Ainda assim, o grupo apresentou algumas sugestões aos órgãos de defesa da concorrência para os casos de fusão no mercado brasileiro. Ao Banco Nacional de Desenvolvimento Econômico e Social (BNDES) sugeriu abrir linha de crédito específica para estimular a criação de pequenos e médios frigoríficos.

Também propôs que o BNDES financie capital de giro para médios e pequenos empreendimentos. “Assim vão se criar condições para o estabelecimento de um mercado secundário e minorar os efeitos da concentração na economia”, afirmou o relator, deputado Onyx Lorenzoni (DEM-RS).

Acompanhamento
Já para o Conselho Administrativo de Defesa Econômica (Cade), que é ligado ao Ministério da Justiça, a sugestão é criar um mecanismo de acompanhamento das fusões por cinco anos. Segundo Lorenzoni, esse mecanismo “teria o escopo de verificar o grau de concentração de mercado” no período.

Ainda conforme o relatório da subcomissão, o sistema de defesa da concorrência deveria exigir que, antes da fusão, as empresas quitem dívidas com pecuaristas.

O relator argumentou que, apesar de serem inevitáveis para assegurar a sobrevivência de grandes empreendimentos, as fusões podem acarretar concentração em alguns mercados regionais.
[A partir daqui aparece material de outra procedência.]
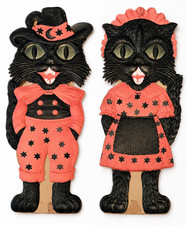 Antique 1920s German Halloween Die Cut Black Cats Pair 19.5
Com isso, “essas empresas tendem a exercer poder de mercado e de formação de preço, tornando o produtor refém”, acrescentou Lorenzoni.

O relator explicou, inclusive, que a subcomissão constatou essa situação no Rio Grande Sul, em decorrência do arrendamento do grupo frigorífico Mercosul pela Marfrig. Segundo Lorenzoni, em decorrência da transação, o Marfrig detém 27% do mercado gaúcho de carnes.

Fusão
Em 2009, a Marfrig anunciou a compra da Seara, grupo então controlado pela norte-americana Cargil. A subcomissão foi criada para analisar as consequências do negócio do ponto de vista da concentração do mercado, possível controle de preços e perda de postos de trabalho.

Quanto à concentração, os órgãos de defesa da concorrência brasileiros adotam como principal critério, conforme Lorenzoni, a participação superior a 20% no mercado. De acordo com o relatório, o Cade, ao aprovar a fusão em 2011, constatou que esse índice foi superado apenas em Santa Catarina. Como esse mercado já era concentrado antes da operação da Marfrig, o Cade considerou que não houve alteração da situação.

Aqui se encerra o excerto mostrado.